Dr Abid described it as a fight both against the disease and time as the more the time that was lost, the more difficult it would be to control the disease with the additional risk of developing multi-drug resistant strains of tuberculosis. There was therefore no room for complacency in this regard, and a grand concerted effort was required to reach all the cases and provide them with quality treatment close to their doorsteps, while emphasising the preventive aspects as well.
Giving details of the programme’s performance, WHO’s National Professional Officer for Tuberculosis Control Dr Ghulam Nabi Kazi pointed out that in 2012 over 284,000 cases of Tuberculosis had been detected and placed on treatment while this year the figure would touch around 300,000. He pointed out that around 420,000 new cases appeared in the country every year.
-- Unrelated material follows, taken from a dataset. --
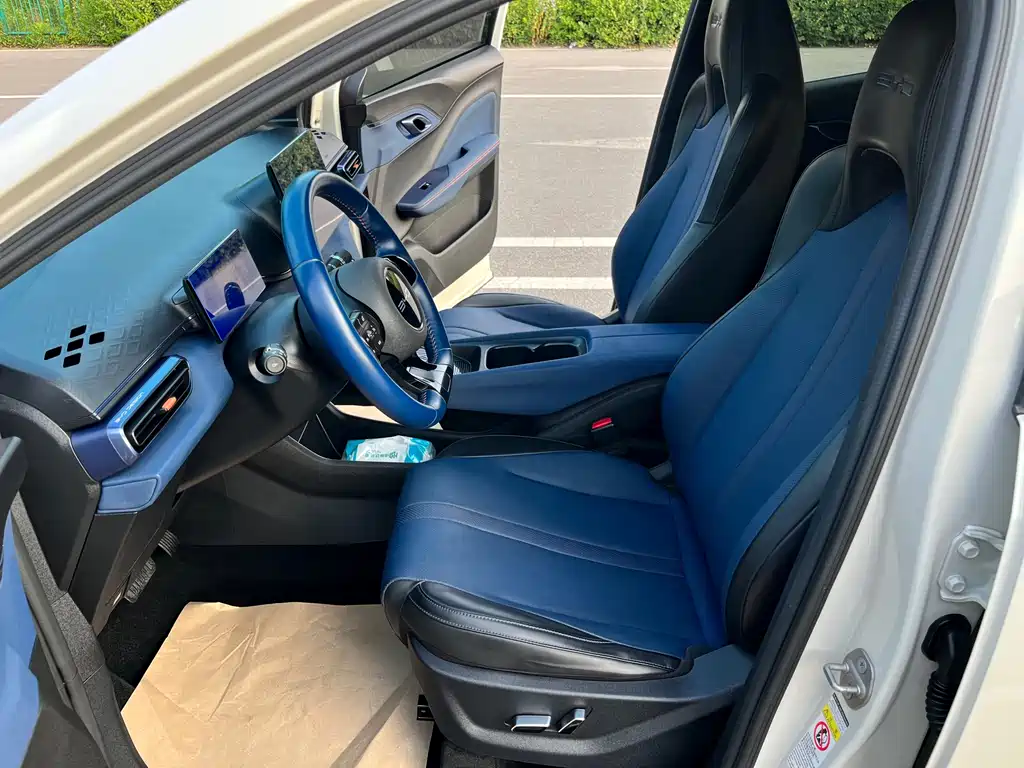 BYD Seagull 2023 — фото 11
As regards drug resistant tuberculosis or MDR-TB, Dr Kazi pointed out that the services of a regional MDR TB expert Dr Salem Barghout had been acquired to support the National TB Control Programme in the area of drug management, developing a community based model of MDR-TB care based on ethical considerations, capacity building and preparing a pragmatic expansion plan.
Currently twelve tertiary care institutions including Lady Reading Hospital Peshawar, Ayub Medical College Hospital Abbottabad, Gulab Devi Hospital Lahore, Mayo Hospital Lahore, Leprosy Hospital Rawalpindi, Nishtar Medical College Hospital Multan, Samli Hospital Murree, Ojha Institute of Chest Diseases Karachi, Indus Hospital Karachi, Ghulam Muhammad Mahar Hospital Sukkur, Institute of Chest Diseases Kotri and Fatima Jinnah Hospital Quetta are providing MDR-TB services and currently 1,100 patients have been enrolled on treatment for a period of two years or more. Thus far 600 patients have completed treatment. However, now with the medicines in place with GFATM support, the expansion plan was being developed to enrol over 3,000 patients every year.
Dr Kazi expressed the hope that the long delayed process of project approval and release of funds for TB control would be resolved soon at the federal and provincial levels enabling the public sector to meet the core requirements of the programme, and ensuring sustainability of the process without undue reliance on external agencies. It was time that the government translated its high level commitment in concrete terms and put the activities of the TB control mechanisms on an even keel, he said. Our deliberations with the Planning Commission, Ministry of Inter-Provincial Coordination, provincial Planning and Development and Health departments have been most positive thus far, he added.